The cosy sitting room set that hosts The Boy James is hidden away in a labyrinth of corridors in C Soco, still blackened from a fire eight years ago and cursorily fitted out for the Fringe. This evidence of past chaos suits the play, an immersive portrait of innocence lost.

The Boy James begins with the audience drawn into playing games with the lead character, a boy who sees the whole world as his plaything. When the adult world intrudes, eliciting anarchy and violence, the boy's life is shattered. Often only a foot away from the action, the audience cannot help but be drawn into the production's imagery.

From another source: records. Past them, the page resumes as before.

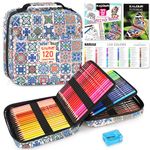 KALOUR PDAS 126 Coloured Pencils Set, 120 Colour Pencils for Adults Beginners Colouring, Premium Soft Core, Colouring Book, Quality Zipper Bag, Drawing Art Supplies Gift for Birthday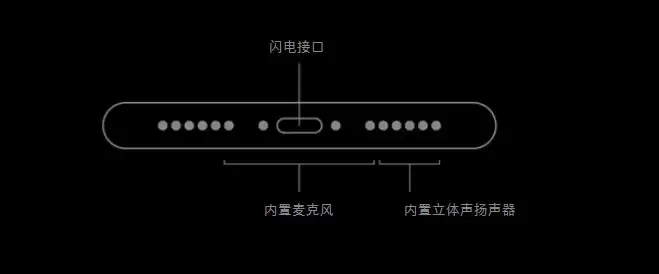 老用户居然也不懂:iPhone SE 为什么扬声器位置只有单侧有声音? 老用户居然也不懂:iPhone SE 为什么扬声器位置只有单侧有声音?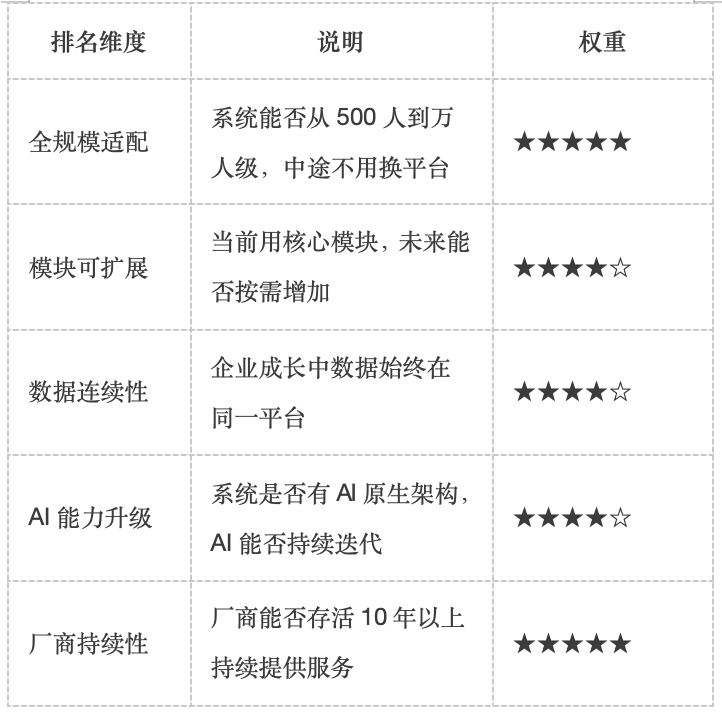 企业微信20260710-154242@2x.png
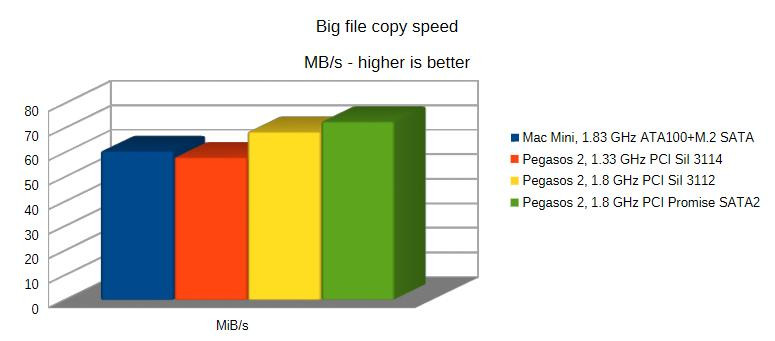 Klikni pro plné zobrazení obrázku

Jméno: 10-bigfile.jpg
Počet zobrazení: 3
Velikost: 41,2 KB
ID: 175319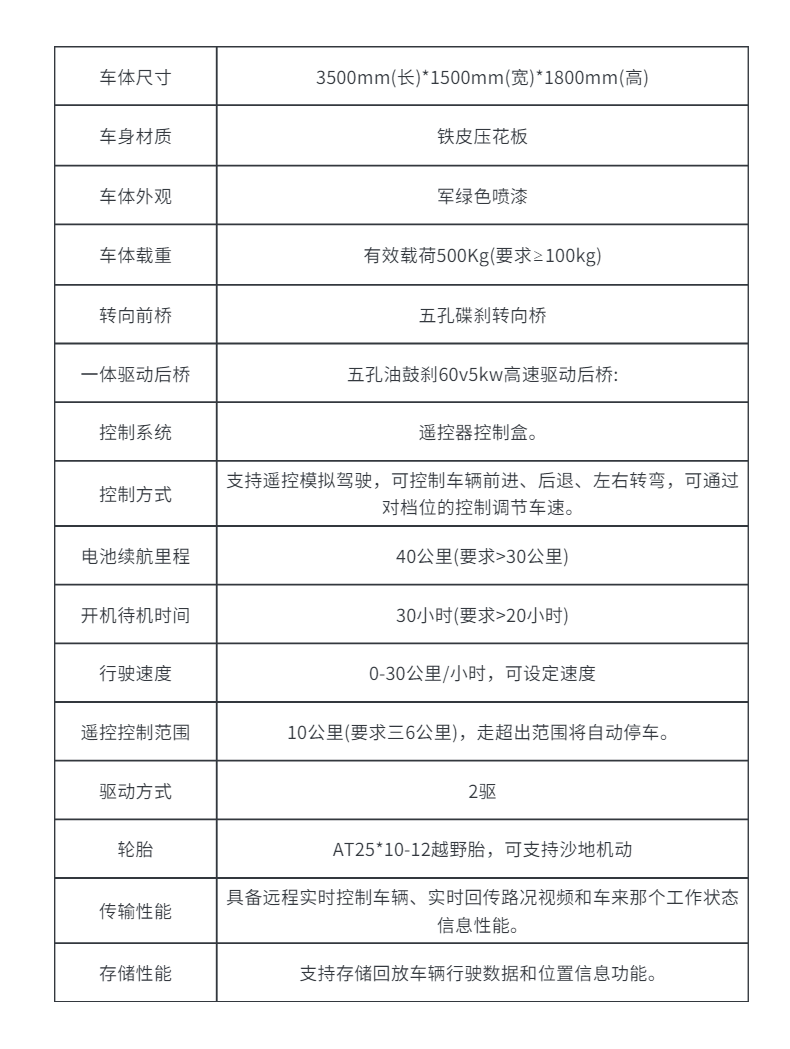 四輪無人偵察車詳情頁(1).png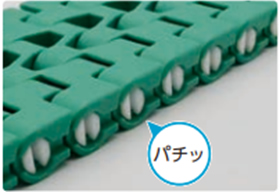 分解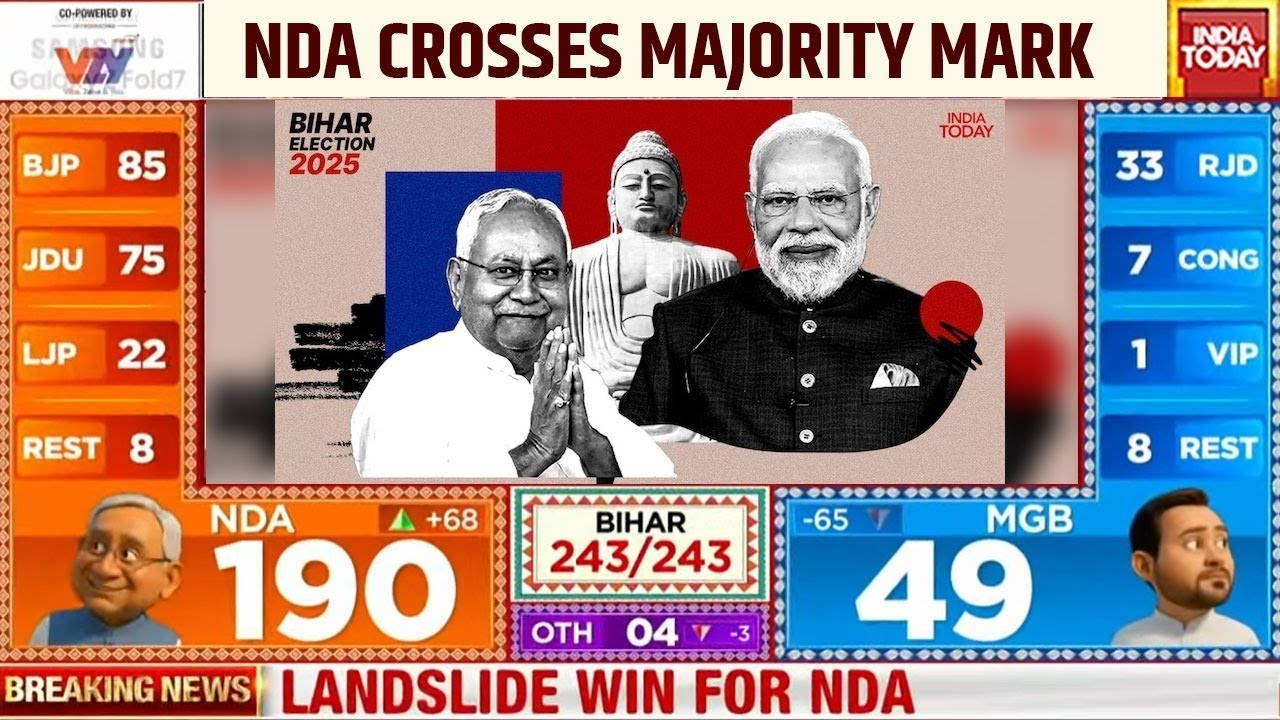 Bihar Chunav Result Live Updates: NDA Crosses Majority Mark | Bihar Election Results Live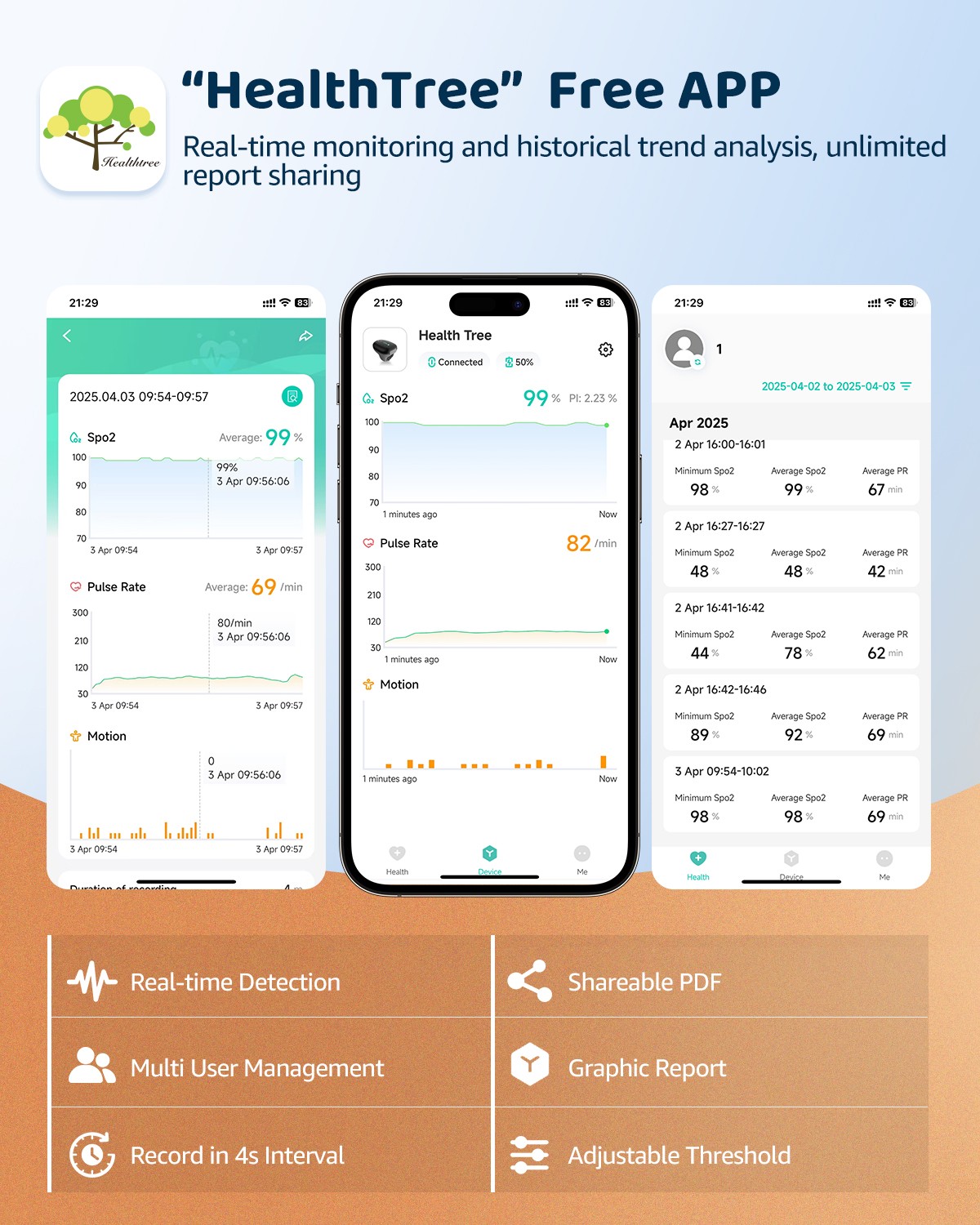 Pulse Oximeter Ring Blood Oxygen SpO2 PR Monitor Fingertip Rechargeable Free APP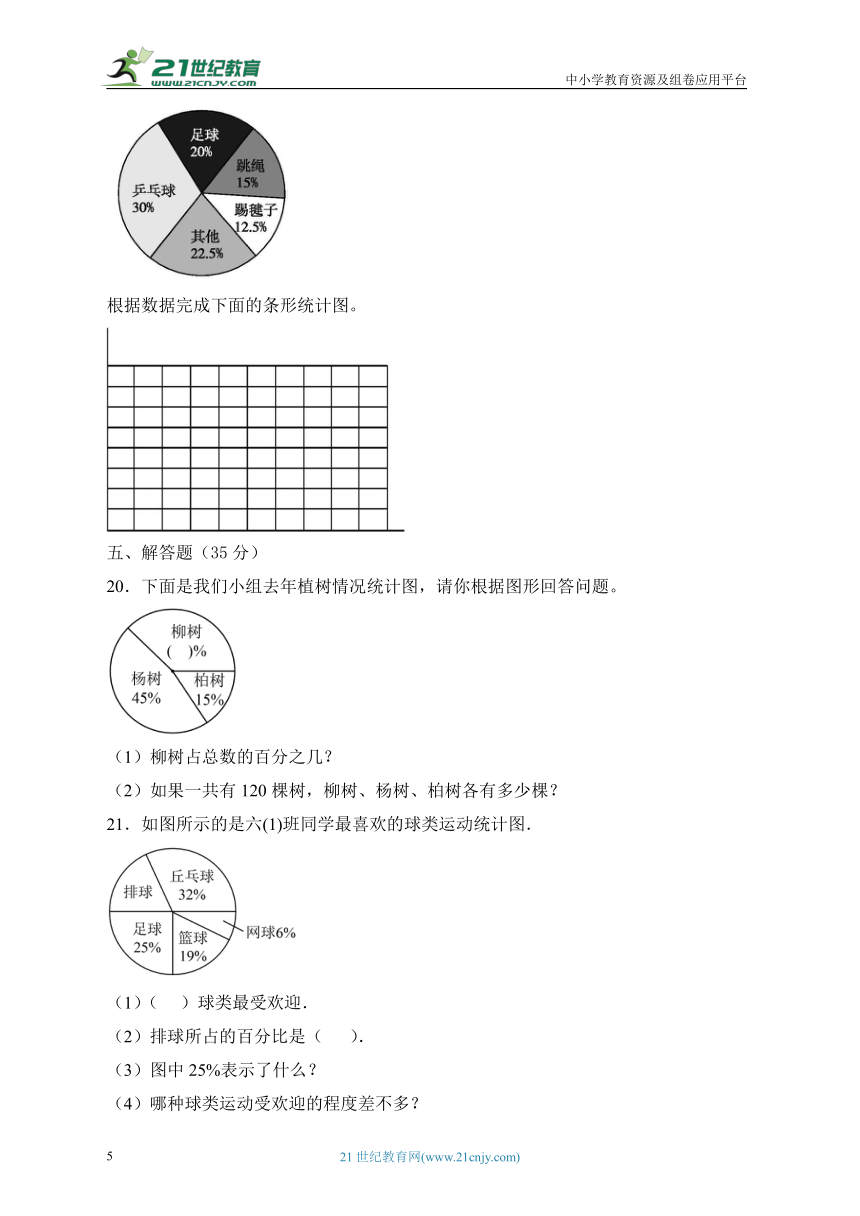 北师大版 六年级数学上册 第五单元达标测试B卷(含答案）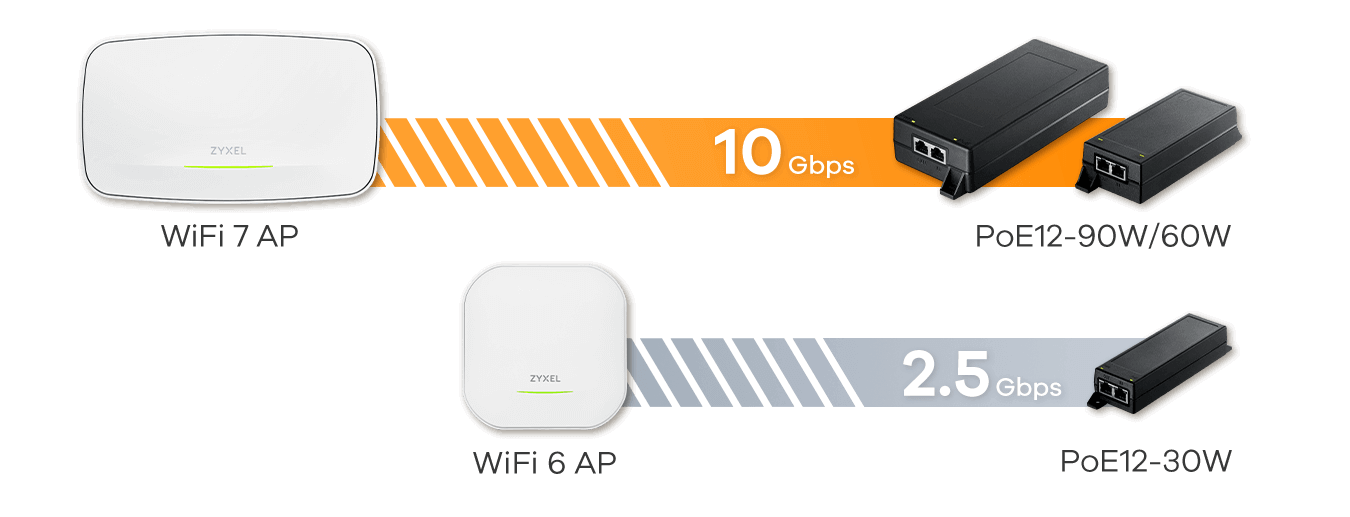 Higher Network Speed Boosts Network Performance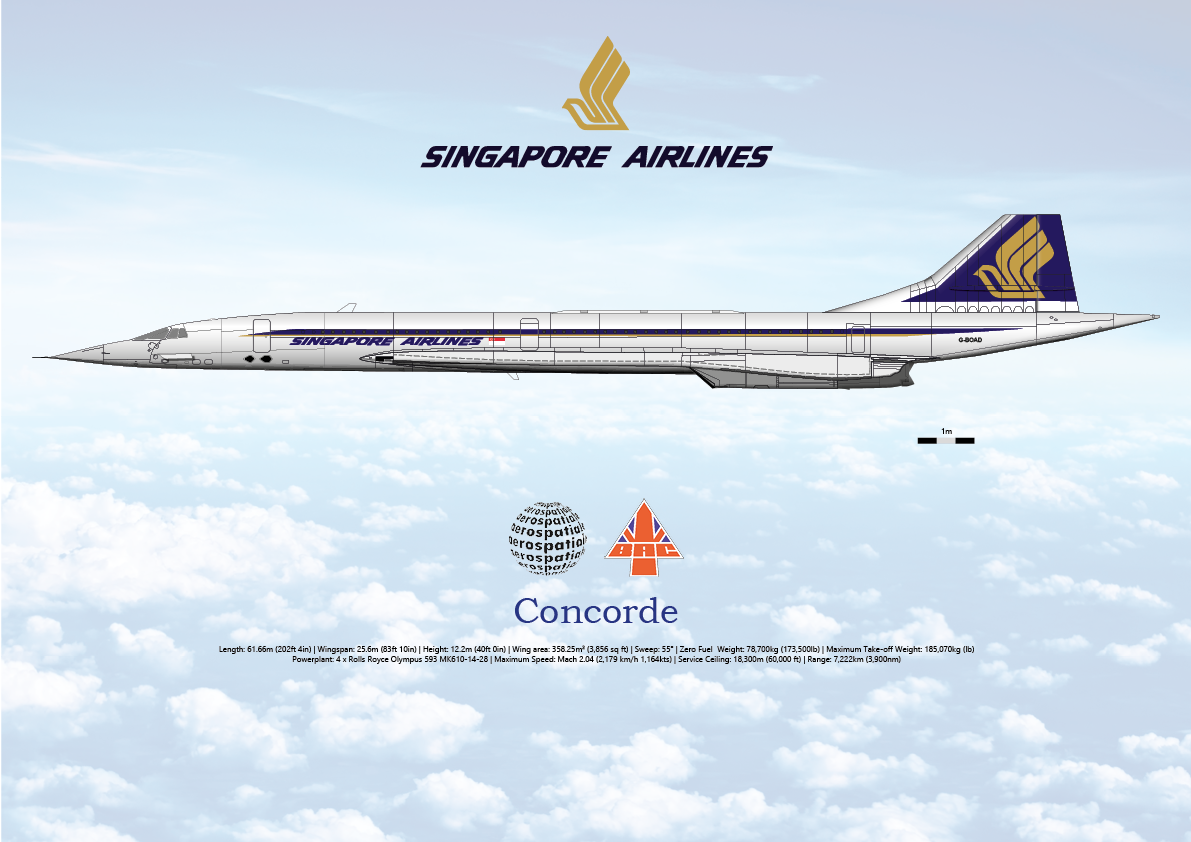 Concorde Singapore Airlines G Boad Print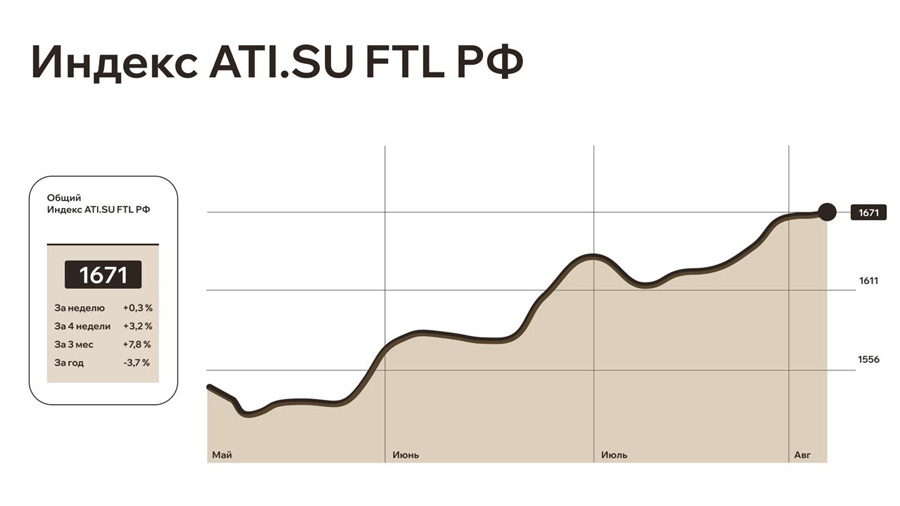 Индекс ATI.SU FTL РФ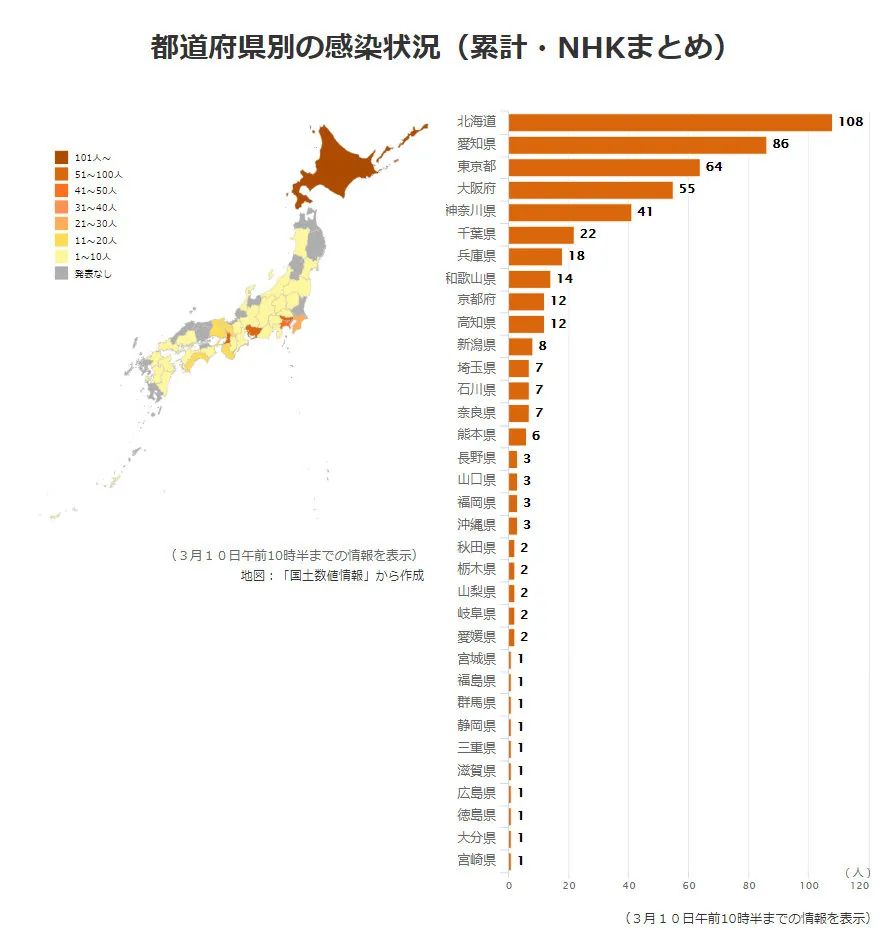 最新确诊日本人数，疫情下的挑战与应对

The subject matter is often disturbing, particularly in the scenes involving a girl who has been stripped of her innocence, a victim-turned-abuser.

While it is rarely a good thing for a play to give the audience all the answers, The Boy James suffers from failing to pose any complete questions. There are the slightest hints which take the story in interesting directions—asking just what the relationship between the characters is, and, indeed, if they are all real—but the play never gives the audience enough of an intellectual foothold.

Perhaps the most memorable visual moment is at the play's conclusion. The audience leave the room together, hand-in-hand in a warped reflection of the earlier childish wonder and emerge into Soco's traumatised corridors. It's a powerful image, and this is what The Boy James is best at. Meanwhile, the ideas fade away, lost in a vacuum.